This implementation of statistical significance testing is designed for interpreting the results of controlled A/B tests when the population size is very large. My particular implementation was built to analyze the results of a longitudinal A/B email test, but this methodology can be re-purposed for any traditional A/B test. The biggest challenge that I faced was calculating the statistical significance of continuous variables (such as sales per email recipient), which required customer level data in order to calculate the standard deviation. In my case, pulling in all the customer level data for each email across several months of email campaigns resulted in hundreds of millions of records (which would only continue to quickly grow throughout the year.) We needed a reporting solution that would perform well with potentially 1 billion records. While I will include the calculations for dichotomous metrics (rates of binary values such as open rate), the focus will be on implementing a method to calculate the statistical significance of continuous variables that won't jeopardize performance when working with large population sizes.
Use Case Checklist
- You want to see if there is a clear "winner" in a controlled A/B test
- You are slicing the data by a number of segments that makes it difficult to have the p-values for all the combinations pre-calculated by a statistical package and added into the data on the back-end
- You want to calculate the statistical lift for either continuous, discrete, or dichotomous metrics
- If you're including continuous/discrete metrics:
- You have access to the individual level data (such as customer level, website session level etc.)
- The number of individual records with a non-zero amount is a feasible number of records to bring into Tableau
This implementation uses a two-sided t-test to estimate the z-score and corresponding p-values. For dichotomous values I am using a proportional t-test with a pooled variance and for continuous values I am using a Welch's t-test with the Satterthwaite approximation of the standard error. (See links below for more information on deciding between using a pooled vs unpooled variance.)
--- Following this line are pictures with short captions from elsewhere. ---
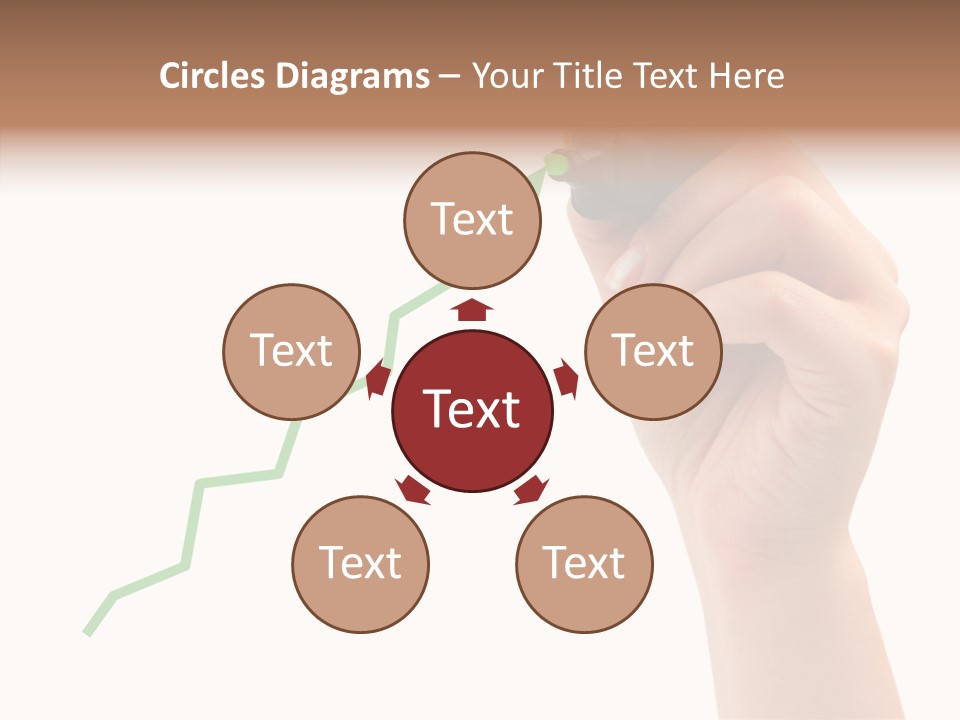 Tip Graphic Pen PowerPoint Template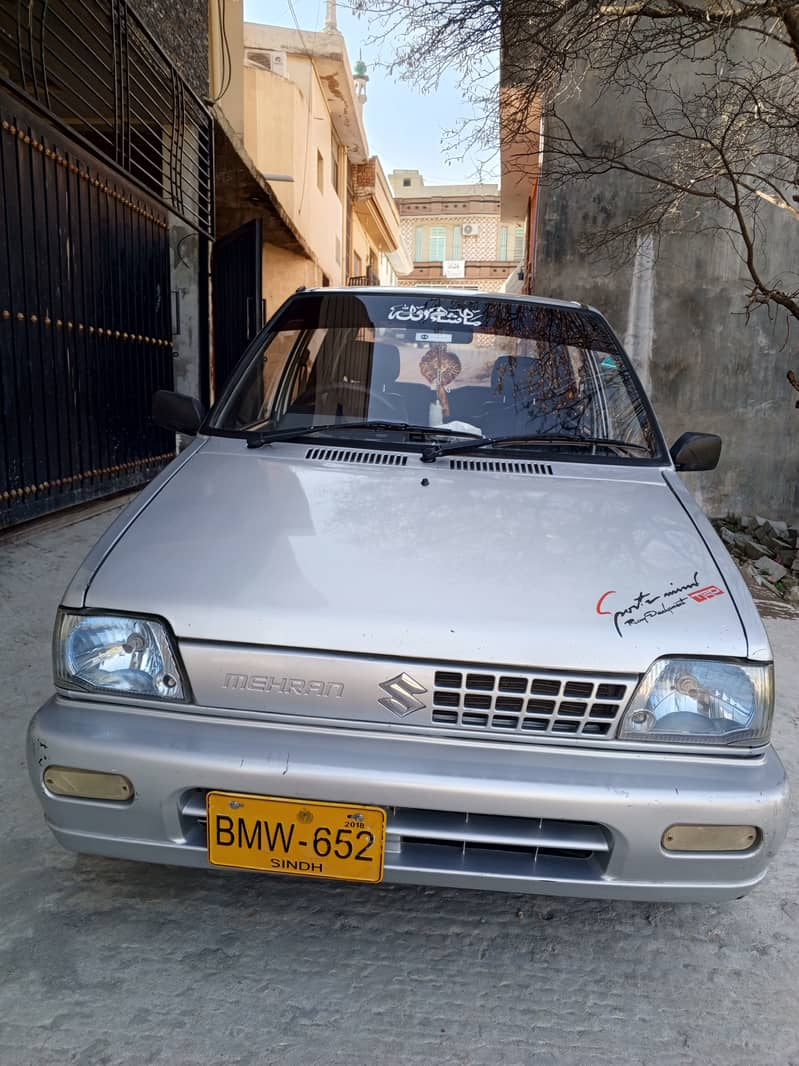 Suzuki Mehran VXR 2018 1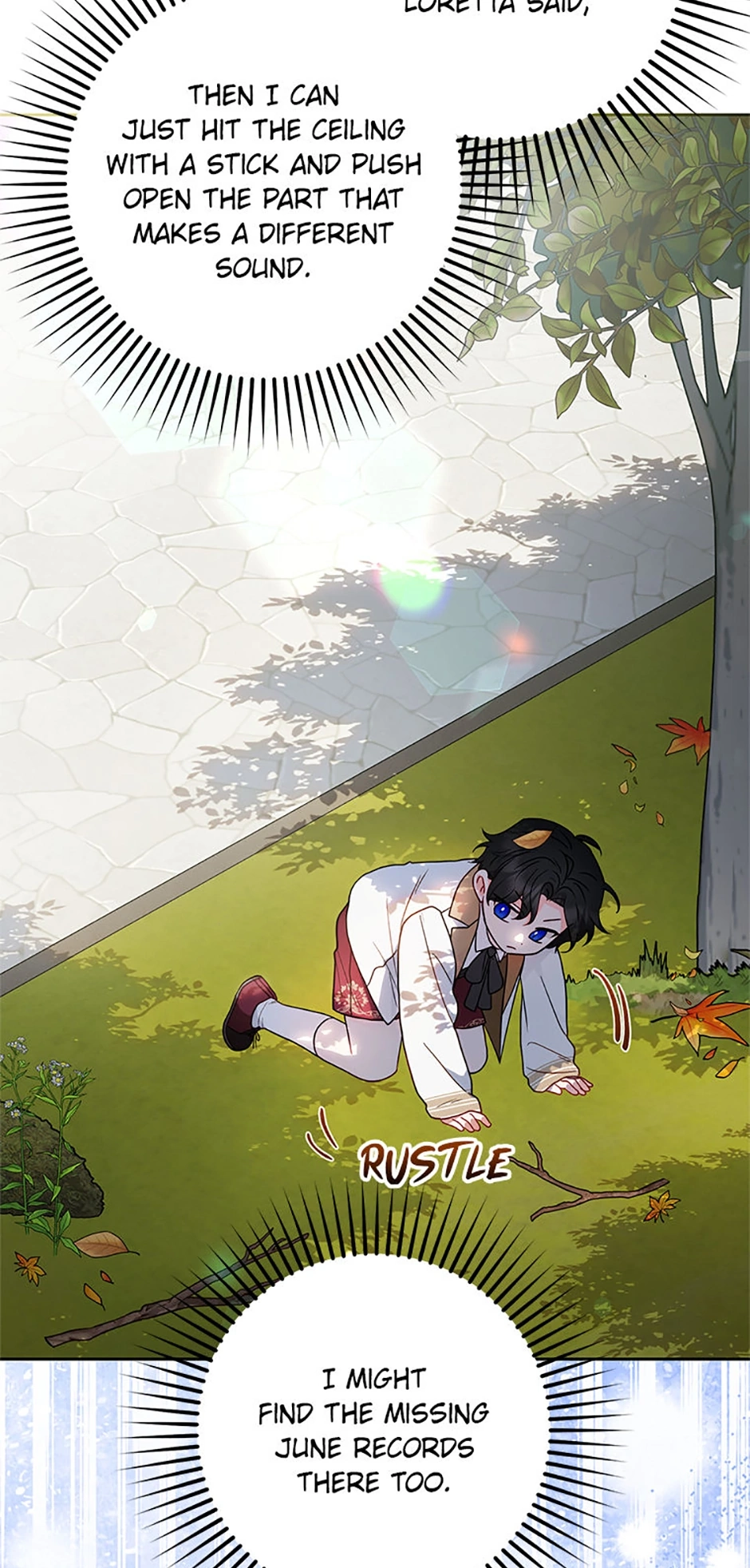 Read The Beloved Bashful Villainess chapter 46 image 52 on Lezhin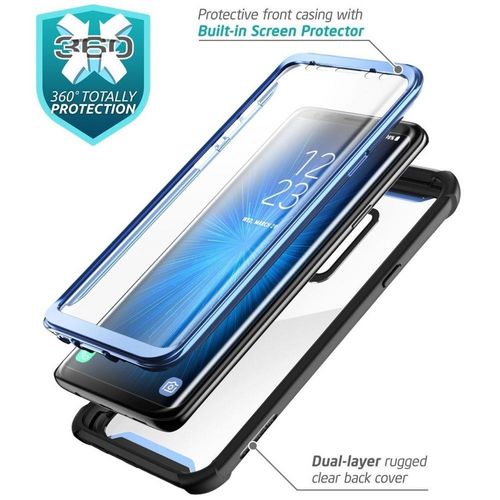 SUPCASE IBLSN ARES GALAXY S9+ PLUS BLACK/BLUE na Arena.pl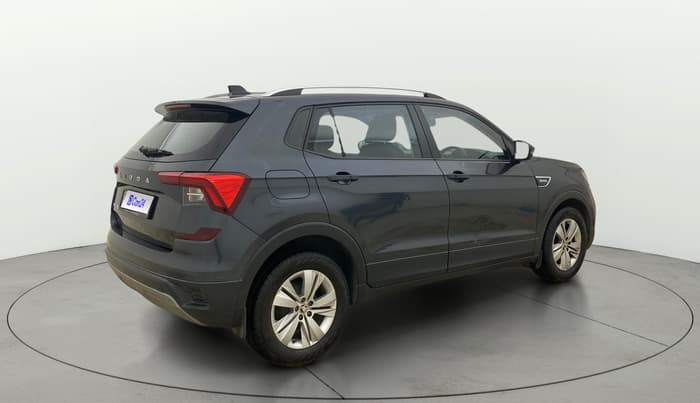 2021 Skoda KUSHAQ AMBITION 1.0L TSI MT, Petrol, Manual, 67,689 km, Right Back Diagonal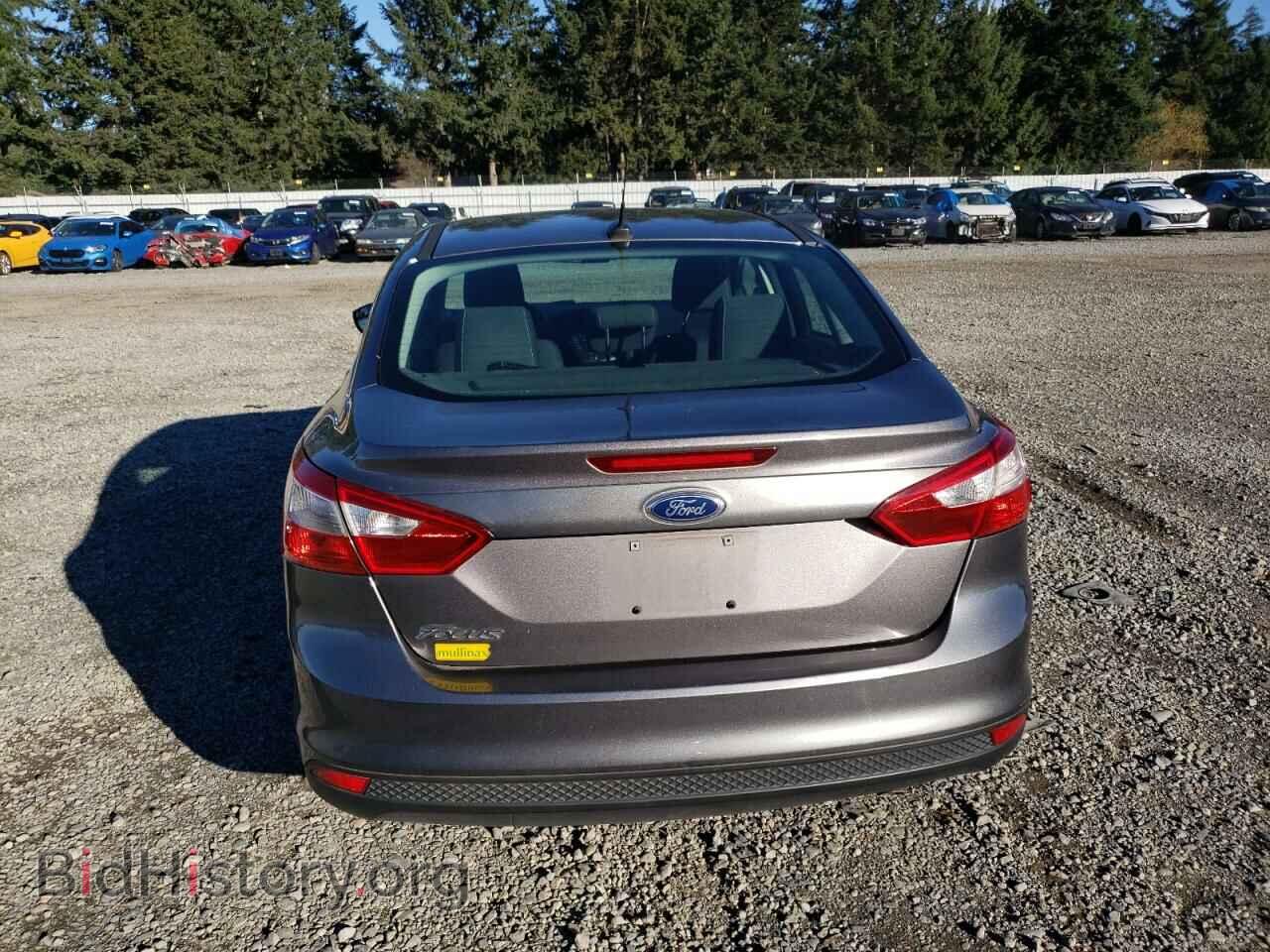 2014 FORD FOCUS - VIN: 1FADP3E25EL112328 - Фото 6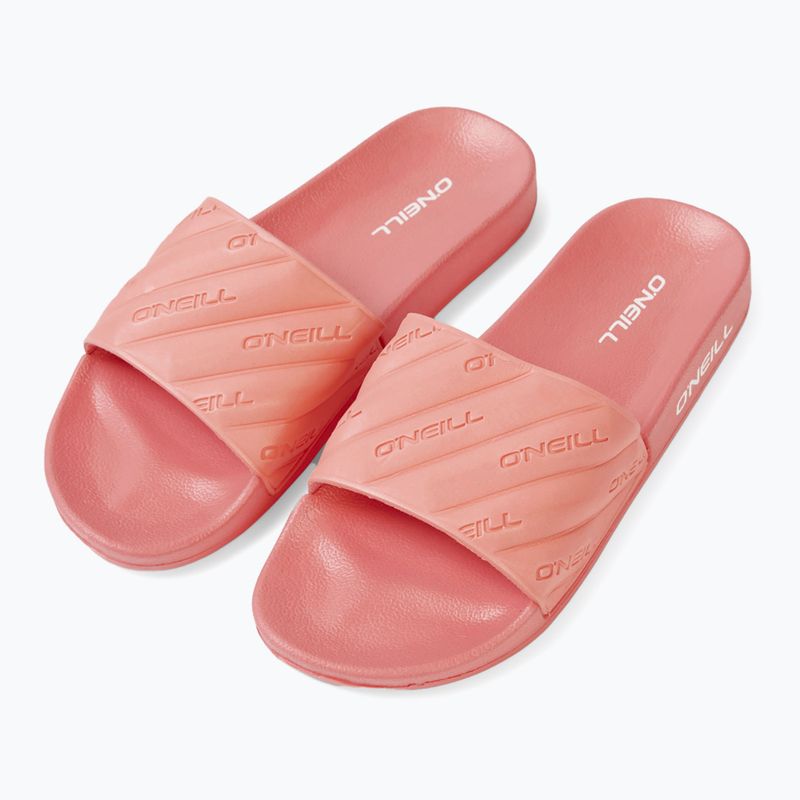 Dámské žabky O'Neill Brights Slides georgia peach 9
The p-values must be attained from a p-value lookup table (Tableau cannot calculate this value.) Because my population sizes were large enough, I was able to use the p-values based on the estimated z-score from the t-test using a standard normal table. I created several p-value buckets (<5%, 5-10%, 10-15%, 15-20%, >20%) based on the z-score lookup numbers.
Reducing the Data
As previously mentioned, I needed a way to calculate the statistical significance for the continuous variables without impacting dashboard performance. With continuous variables, you cannot aggregate the data because you need to calculate the difference from the mean for each observation in order to calculate the standard deviation. I also could not calculate the standard deviation prior to loading the data into Tableau because we wanted the users to be able to slice and dice the data by multiple dimensions and have Tableau dynamically calculate the statistical significance.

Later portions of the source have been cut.